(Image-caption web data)
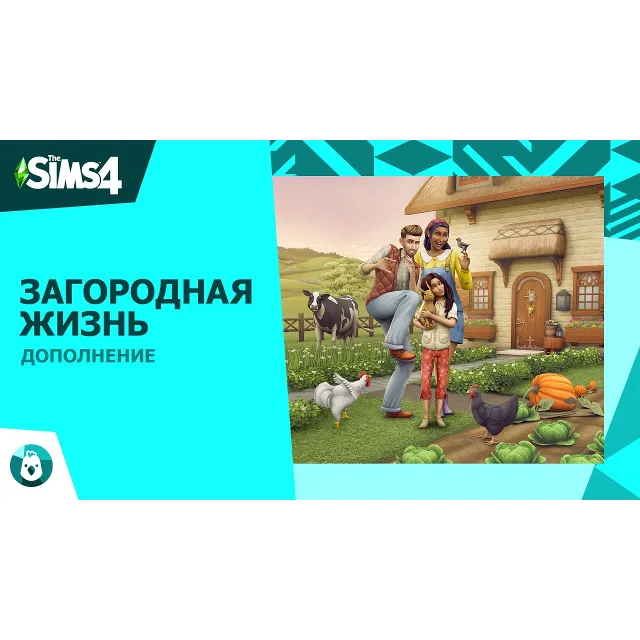 🟥PC🟥 THE SIMS 4 ДОПОЛНЕНИЕ "ЗАГОРОДНАЯ ЖИЗНЬ"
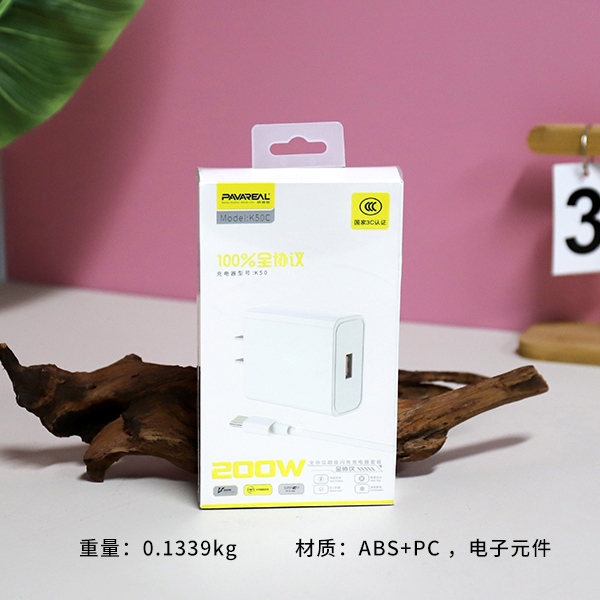 K50C Cargador Totalmente Compatible (Huawei) 3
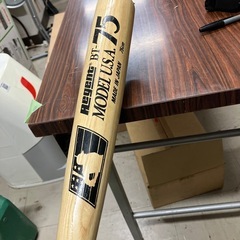 2508-079 木製バット 日本製 75cm MODEL USA 75　の画像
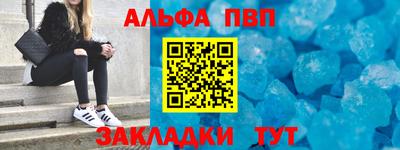 крисы Краснодар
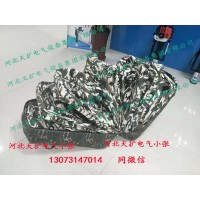 高強防水布堵水墻移動折疊式擋水墻便攜式搶險堵水墻迷彩布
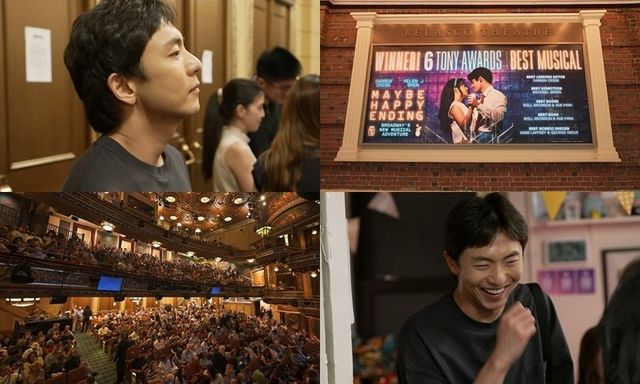 /사진=나혼자산다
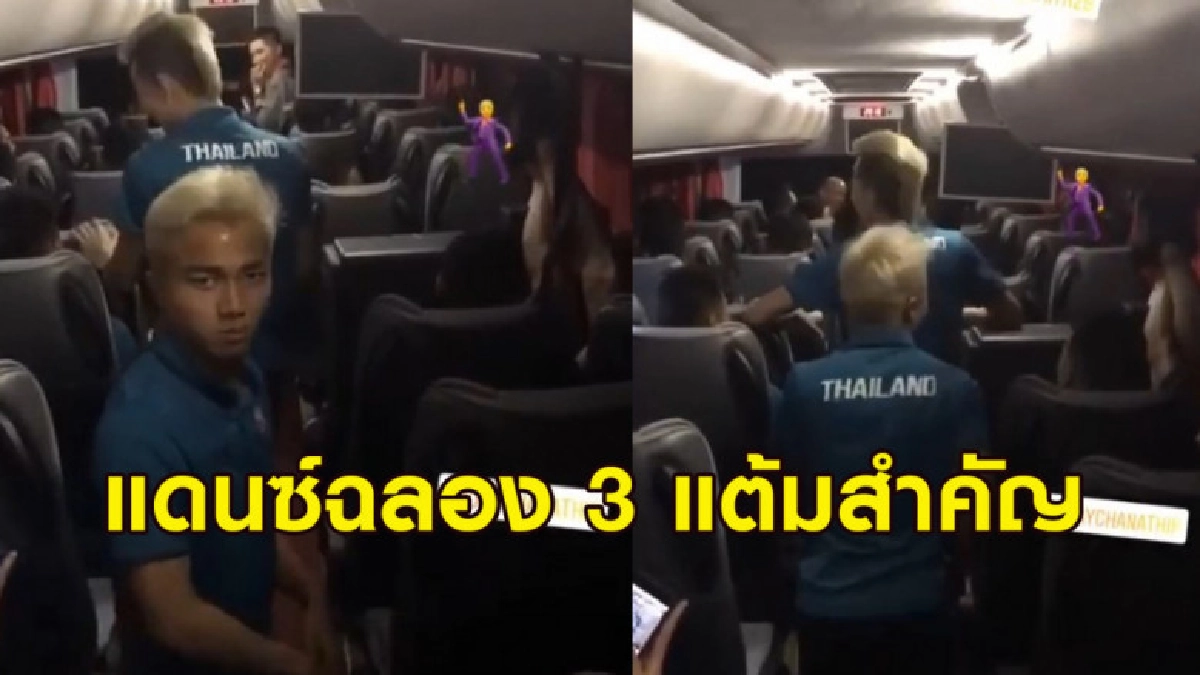 เจ-แคมป์ นำทีม แข้งช้างศึกแดนซ์ฉลองบนรถหลังเกมโค่นบาห์เรน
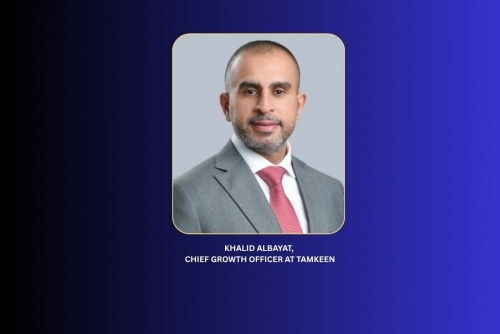 Mashroo3i adds English Training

** INSTRUCTIONS TO FOLLOW **
Retype all records exactly as shown above, images excluded.

** RESPONSE BELOW **
 🟥PC🟥 THE SIMS 4 ДОПОЛНЕНИЕ "ЗАГОРОДНАЯ ЖИЗНЬ"
 K50C Cargador Totalmente Compatible (Huawei) 3
 2508-079 木製バット 日本製 75cm MODEL USA 75　の画像
 крисы Краснодар
 高強防水布堵水墻移動折疊式擋水墻便攜式搶險堵水墻迷彩布
 /사진=나혼자산다
 เจ-แคมป์ นำทีม แข้งช้างศึกแดนซ์ฉลองบนรถหลังเกมโค่นบาห์เรน
 Mashroo3i adds English Training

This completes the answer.